II.2  Sebaran Mangrove
            Tanaman dalam kelompok mangals beragam tetapi semuanya dapat beradaptsi terhadap habitat mereka (zona intertidal) dengan mengembangkan adaptasi fisiologis untuk mengatasi masalah anoksia, salinitas tinggi dan genangan air pasang surut yang sering. Setelah terbentuk komunitas mangrove, akar mangrove menyediakan habitat bagi  tiram dan aliran air yang lambat, sehingga meningkatkan pengendapan sedimen. Sedimen halus yang anoksik di bawah hutan mangrove berperan sebagai penampung berbagai logam berat (trace) membentuk koloid partikel, sehingga  sering menciptakan Mangrove melindungi daerah pantai dari erosi, badai topan (terutama saat badai), dan tsunami. Sistem akar mangrove sangat efisien dalam memecah energi gelombang laut, memperlambat air pasang, meninggalkan semua sedimen kecuali partikel halus ketika pasang surut.  Dengan cara ini, ekosistem mangrove membangun lingkungan yang unik dan perlindungan terhadap erosi, sehingga sering menjadi objek program konservasi.

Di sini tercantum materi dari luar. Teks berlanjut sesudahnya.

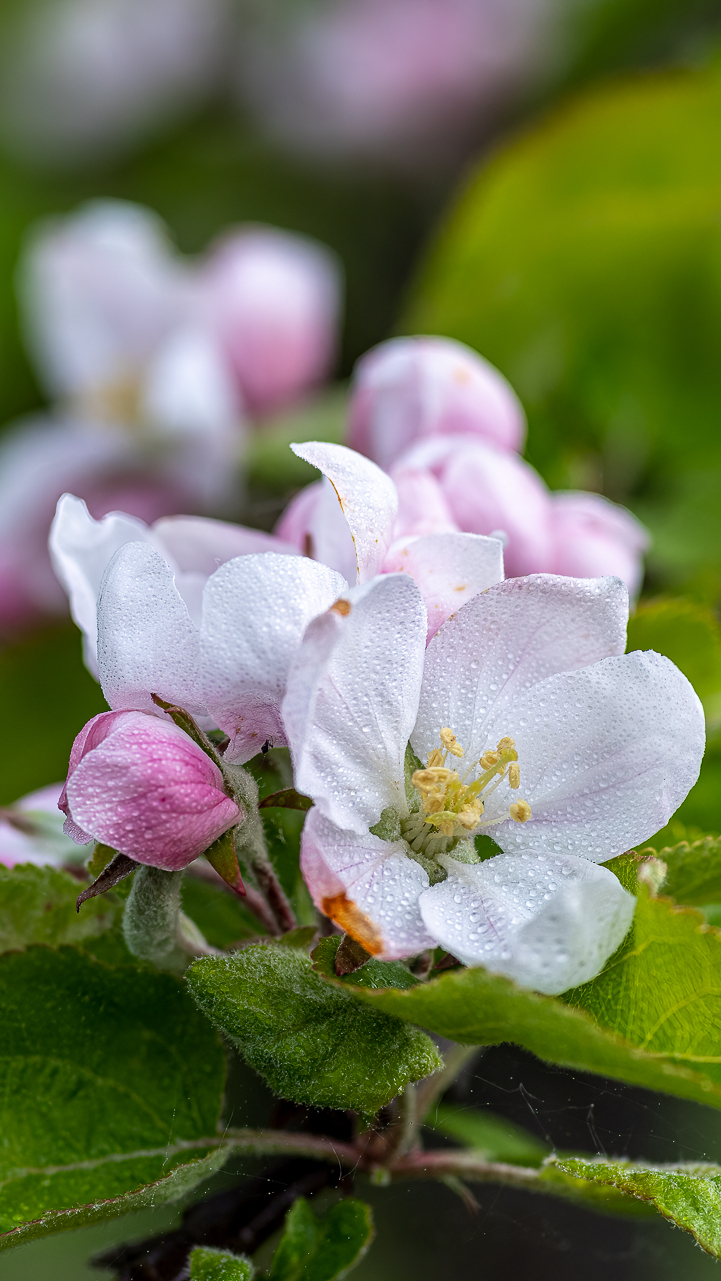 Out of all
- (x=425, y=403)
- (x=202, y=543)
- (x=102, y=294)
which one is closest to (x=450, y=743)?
(x=202, y=543)

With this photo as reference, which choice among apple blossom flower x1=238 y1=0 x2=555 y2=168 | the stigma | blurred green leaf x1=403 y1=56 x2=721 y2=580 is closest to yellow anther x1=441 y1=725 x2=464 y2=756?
the stigma

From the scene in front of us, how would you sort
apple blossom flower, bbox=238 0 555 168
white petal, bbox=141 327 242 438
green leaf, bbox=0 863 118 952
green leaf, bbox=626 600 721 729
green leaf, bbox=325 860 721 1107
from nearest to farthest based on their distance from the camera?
green leaf, bbox=325 860 721 1107 → green leaf, bbox=0 863 118 952 → green leaf, bbox=626 600 721 729 → white petal, bbox=141 327 242 438 → apple blossom flower, bbox=238 0 555 168

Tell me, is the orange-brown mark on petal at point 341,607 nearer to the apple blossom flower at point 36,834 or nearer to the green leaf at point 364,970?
the green leaf at point 364,970

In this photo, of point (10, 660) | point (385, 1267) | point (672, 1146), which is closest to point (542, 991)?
point (672, 1146)

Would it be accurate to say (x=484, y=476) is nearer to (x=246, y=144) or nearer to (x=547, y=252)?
(x=547, y=252)

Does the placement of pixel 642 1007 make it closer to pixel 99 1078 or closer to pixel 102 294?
pixel 99 1078

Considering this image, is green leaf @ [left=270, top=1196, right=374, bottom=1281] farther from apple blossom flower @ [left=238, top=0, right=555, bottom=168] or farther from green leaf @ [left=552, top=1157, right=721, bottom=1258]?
apple blossom flower @ [left=238, top=0, right=555, bottom=168]
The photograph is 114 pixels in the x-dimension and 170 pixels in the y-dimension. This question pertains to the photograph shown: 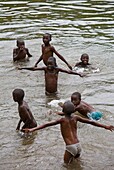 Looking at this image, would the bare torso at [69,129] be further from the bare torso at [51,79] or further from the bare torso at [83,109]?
the bare torso at [51,79]

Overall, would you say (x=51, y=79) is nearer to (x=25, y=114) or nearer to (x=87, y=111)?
(x=87, y=111)

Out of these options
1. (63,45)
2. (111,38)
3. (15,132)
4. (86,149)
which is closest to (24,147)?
(15,132)

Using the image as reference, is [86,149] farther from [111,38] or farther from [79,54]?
[111,38]

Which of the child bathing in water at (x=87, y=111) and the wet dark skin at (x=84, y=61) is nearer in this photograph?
the child bathing in water at (x=87, y=111)

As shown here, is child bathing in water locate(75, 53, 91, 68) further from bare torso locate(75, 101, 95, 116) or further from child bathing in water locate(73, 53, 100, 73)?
bare torso locate(75, 101, 95, 116)

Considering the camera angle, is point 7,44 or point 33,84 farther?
point 7,44

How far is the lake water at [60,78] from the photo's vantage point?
6898mm

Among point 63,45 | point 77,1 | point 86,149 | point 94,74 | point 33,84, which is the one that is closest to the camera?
point 86,149

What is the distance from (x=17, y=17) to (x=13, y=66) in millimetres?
5109

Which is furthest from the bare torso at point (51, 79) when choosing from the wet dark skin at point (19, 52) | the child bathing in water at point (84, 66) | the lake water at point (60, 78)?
the wet dark skin at point (19, 52)

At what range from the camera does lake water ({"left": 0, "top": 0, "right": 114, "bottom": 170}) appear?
690 cm

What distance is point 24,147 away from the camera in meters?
7.23

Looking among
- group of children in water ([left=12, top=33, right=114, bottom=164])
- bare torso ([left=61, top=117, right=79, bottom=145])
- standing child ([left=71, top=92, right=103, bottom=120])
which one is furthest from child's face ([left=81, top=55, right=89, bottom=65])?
bare torso ([left=61, top=117, right=79, bottom=145])

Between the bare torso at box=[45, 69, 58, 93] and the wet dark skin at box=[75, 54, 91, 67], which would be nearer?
the bare torso at box=[45, 69, 58, 93] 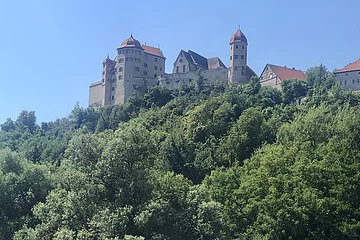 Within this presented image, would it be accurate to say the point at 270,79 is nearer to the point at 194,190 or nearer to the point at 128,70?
the point at 128,70

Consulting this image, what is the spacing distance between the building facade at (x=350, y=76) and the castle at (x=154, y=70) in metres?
14.8

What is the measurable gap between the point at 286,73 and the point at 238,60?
8.40m

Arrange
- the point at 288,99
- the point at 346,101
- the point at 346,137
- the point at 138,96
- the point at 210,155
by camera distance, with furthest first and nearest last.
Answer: the point at 138,96 → the point at 288,99 → the point at 346,101 → the point at 210,155 → the point at 346,137

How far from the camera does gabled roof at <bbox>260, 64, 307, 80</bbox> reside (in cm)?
8061

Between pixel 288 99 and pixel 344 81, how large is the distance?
10.5 metres

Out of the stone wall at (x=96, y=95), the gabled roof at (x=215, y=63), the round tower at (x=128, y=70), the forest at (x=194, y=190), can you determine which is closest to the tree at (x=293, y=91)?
the forest at (x=194, y=190)

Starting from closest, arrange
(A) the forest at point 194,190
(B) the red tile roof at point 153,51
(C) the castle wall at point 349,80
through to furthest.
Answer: (A) the forest at point 194,190, (C) the castle wall at point 349,80, (B) the red tile roof at point 153,51

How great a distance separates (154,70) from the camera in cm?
9331

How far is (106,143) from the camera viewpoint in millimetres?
27859

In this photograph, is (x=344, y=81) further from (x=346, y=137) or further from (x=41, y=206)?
(x=41, y=206)

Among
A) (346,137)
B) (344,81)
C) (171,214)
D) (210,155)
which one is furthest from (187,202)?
(344,81)

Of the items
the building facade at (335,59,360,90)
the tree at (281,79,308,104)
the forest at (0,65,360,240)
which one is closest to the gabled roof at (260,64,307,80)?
the tree at (281,79,308,104)

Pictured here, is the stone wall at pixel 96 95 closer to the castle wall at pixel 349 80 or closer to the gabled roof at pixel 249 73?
the gabled roof at pixel 249 73

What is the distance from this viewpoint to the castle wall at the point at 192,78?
8350cm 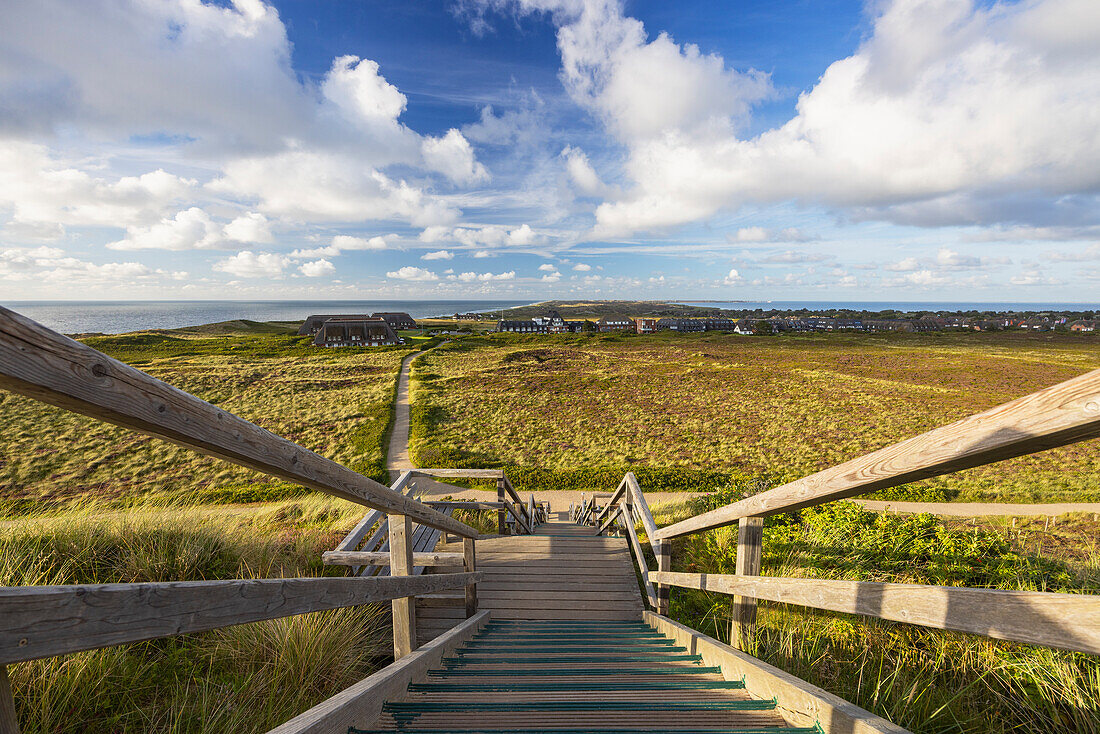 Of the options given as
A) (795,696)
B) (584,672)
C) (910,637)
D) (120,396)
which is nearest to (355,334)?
(584,672)

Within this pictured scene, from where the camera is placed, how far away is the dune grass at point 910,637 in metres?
2.46

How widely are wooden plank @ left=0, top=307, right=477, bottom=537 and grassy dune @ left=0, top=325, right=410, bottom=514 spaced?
23.1 ft

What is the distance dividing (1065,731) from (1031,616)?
2195 mm

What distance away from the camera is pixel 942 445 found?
52.3 inches

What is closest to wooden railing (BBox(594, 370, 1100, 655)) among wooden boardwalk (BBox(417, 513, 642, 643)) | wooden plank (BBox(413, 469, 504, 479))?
wooden boardwalk (BBox(417, 513, 642, 643))

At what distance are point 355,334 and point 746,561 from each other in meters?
61.8

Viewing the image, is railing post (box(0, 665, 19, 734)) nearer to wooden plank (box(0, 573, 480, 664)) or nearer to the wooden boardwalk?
wooden plank (box(0, 573, 480, 664))

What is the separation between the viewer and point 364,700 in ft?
6.32

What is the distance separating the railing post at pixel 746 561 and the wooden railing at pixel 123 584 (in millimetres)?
2333

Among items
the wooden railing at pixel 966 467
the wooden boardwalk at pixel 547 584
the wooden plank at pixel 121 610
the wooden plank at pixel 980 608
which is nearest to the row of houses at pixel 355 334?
the wooden boardwalk at pixel 547 584

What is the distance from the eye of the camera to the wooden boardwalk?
16.1ft

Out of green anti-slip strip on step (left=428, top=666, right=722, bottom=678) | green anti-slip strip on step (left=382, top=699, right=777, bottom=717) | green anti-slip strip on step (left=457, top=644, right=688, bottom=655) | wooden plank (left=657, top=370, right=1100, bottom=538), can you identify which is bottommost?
green anti-slip strip on step (left=457, top=644, right=688, bottom=655)

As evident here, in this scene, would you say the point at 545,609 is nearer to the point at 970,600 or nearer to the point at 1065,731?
the point at 1065,731

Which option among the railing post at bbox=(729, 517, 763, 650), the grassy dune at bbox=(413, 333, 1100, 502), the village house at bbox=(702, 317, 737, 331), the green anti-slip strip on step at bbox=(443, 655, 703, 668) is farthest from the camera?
the village house at bbox=(702, 317, 737, 331) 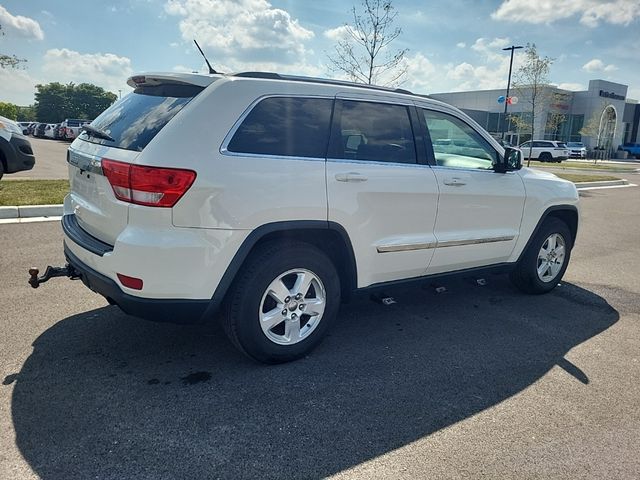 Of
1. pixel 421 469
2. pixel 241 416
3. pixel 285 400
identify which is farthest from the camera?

Ciri-Ciri Ekosistem Mangrove
            Ekosistem hutan mangrove bersifat kompleks dan dinamis, namun labil. Dikatakan kompleks karena ekosistemnya di samping dipenuhi oleh vegetasi mangrove, juga merupakan habitat berbagai satwa dan biota perairan. Jenis tanah yang berada di bawahnya termasuk tanah perkembangan muda  (saline young soil) yang mempunyai kandungan liat yang tinggi dengan nilai kejenuhan basa dan kapasitas tukar kation yang tinggi. Kandungan bahan organik, total nitrogen, dan ammonium termasuk kategori sedang pada bagian yang dekat laut dan tinggi pada bagian arah daratan (Kusmana, 2002).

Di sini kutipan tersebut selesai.